Mozambique : le retour de la guerre civile ?
Le 28 octobre, l’armée mozambicaine a investi et démantelé une base de la rébellion Renamo (Résistance nationale mozambicaine) ravivant les souvenirs de la guerre civile qui a déchiré le pays entre 1977 et 1992, coûtant la vie à plus d’un million de personnes.
Les violences récentes témoignent plus de pressions internes afin d’obtenir une meilleure répartition des fruits de la croissance que du début d’une nouvelle guerre civile. Le conflit actuel est ainsi celui de deux partis politiques : le Frelimo (Front de Libération du Mozambique), au pouvoir depuis l’indépendance depuis 1975 et adversaire de longue date de la Renamo, qui est depuis le principal parti d’opposition. Selon les prévisions, la croissance du PIB sera de 8,5% pour l’année 2013 et le pays dispose d’un important potentiel agricole mais aussi de ressources naturelles (charbon, pétrole et gaz). La Renamo, ancienne guérilla anticommuniste, soutenue à l’époque par les Etats Unis et l’Afrique du Sud, a ainsi recommencé à entraîner des hommes fin 2012 et à lancer des attaques sporadiques afin de manifester son mécontentement. Le Frelimo semble réticent à un plus grand partage, alors que d’importantes réserves d’hydrocarbures ont récemment été découvertes au large du pays. La Renamo accuse de plus le pouvoir d’avoir rendu caduques les accords de paix de 1992 lors de son attaque du 21 octobre qui a contraint Afonso Dhlakama, chef de la Renamo, à prendre la fuite. Le pays semble dans l’impasse et la reprise des armes fait craindre aux puissances voisines, Afrique du Sud et Angola notamment, une escalade de la violence, mais les appels au dialogue des deux parts, limitent cette perspective.
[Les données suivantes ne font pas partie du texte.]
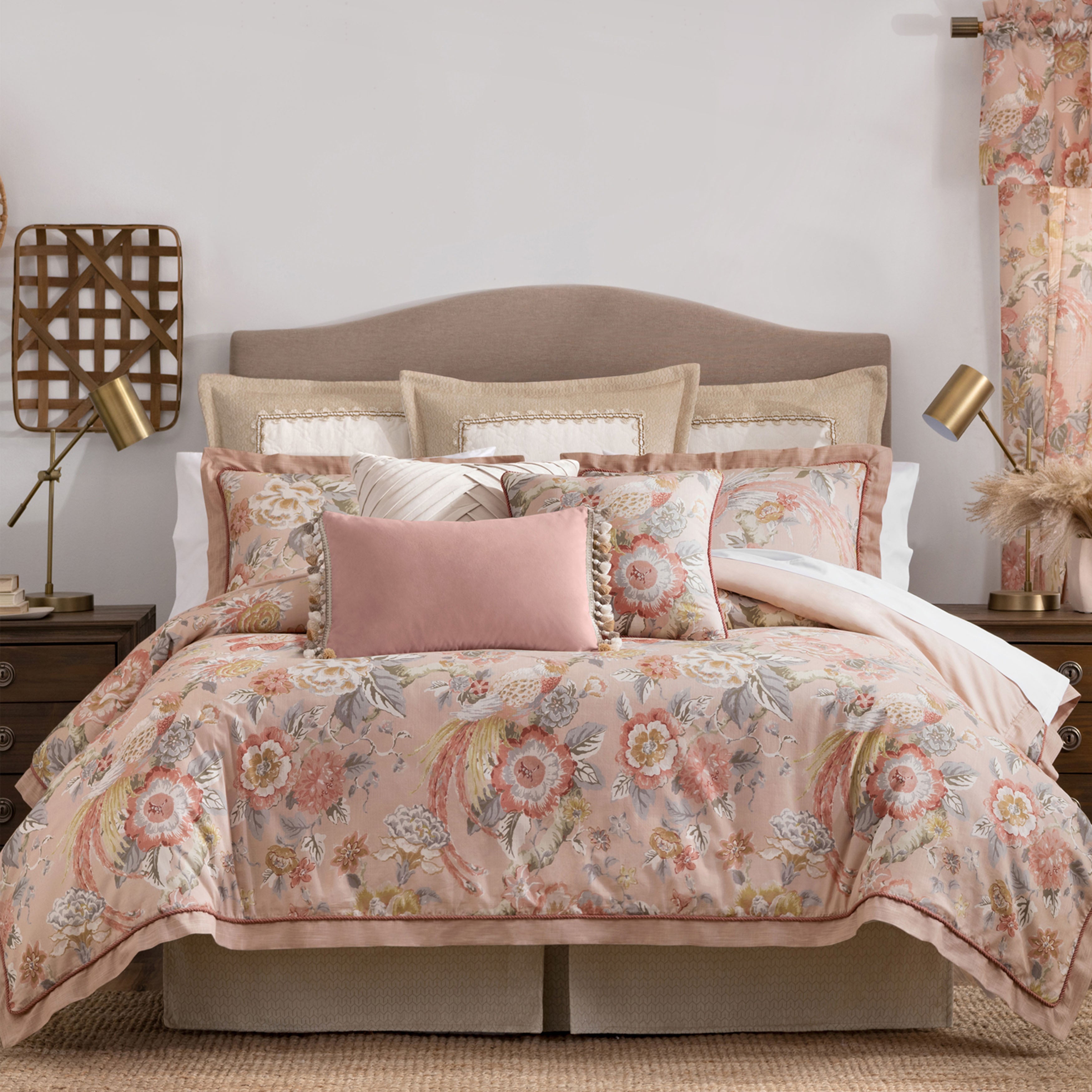 Audrey 4 hotsell Piece King Comforter Set by Rose Tree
Derrière ces tensions, la place des mouvements de libération nationale en question
La faible probabilité de guerre civile est appuyée par l’indigence des moyens de la Renamo. Si le mouvement peut lancer des attaques de type guérilla, il n’a pas la capacité militaire ou le soutien populaire nécessaire à une offensive d’envergure. Ces tensions et leur traduction armée posent la question de la place des mouvements de libération nationale dans les pays décolonisés. Leur rôle conjoncturel important en font des institutions stables et peu promptes au changement.
D’une part, la Renamo, transformée en parti politique, mais conservant des moyens d’action armée, illustre la démocratisation et la pacification inachevée des structures indépendantistes. Malgré son intégration à la démocratie multipartite, la persistance d’un positionnement comme « perdant » de la guerre civile a entretenu un rejet systématique des actions du « gagnant ». Elle n’a cessé d’alimenter des tensions électorales, tout en siégeant au Parlement en tant que parti d’opposition institutionnalisé. La Renamo ne semble de plus ne pas avoir de projet de long terme pour le pays, en dehors de la remise en cause du pouvoir en place, qui perd sa lisibilité et sa portée dans l’action armée.
D’autre part, le Frelimo, est lui aussi confronté à des écueils spécifiques. Lorsque la Renamo dénonce son contrôle de l’appareil d’Etat et un système électoral jouant trop en sa faveur, elle met en exergue une tendance de ce type de mouvement qui une fois arrivé au pouvoir gouverne d’une main de fer et empêche une participation effective de l’opposition. Au-delà de la gestion de la crise actuelle, c’est un travail de réforme interne aux partis issus de la guerre civile qui permettra au pays une évolution vers un véritable développement économique et institutionnel.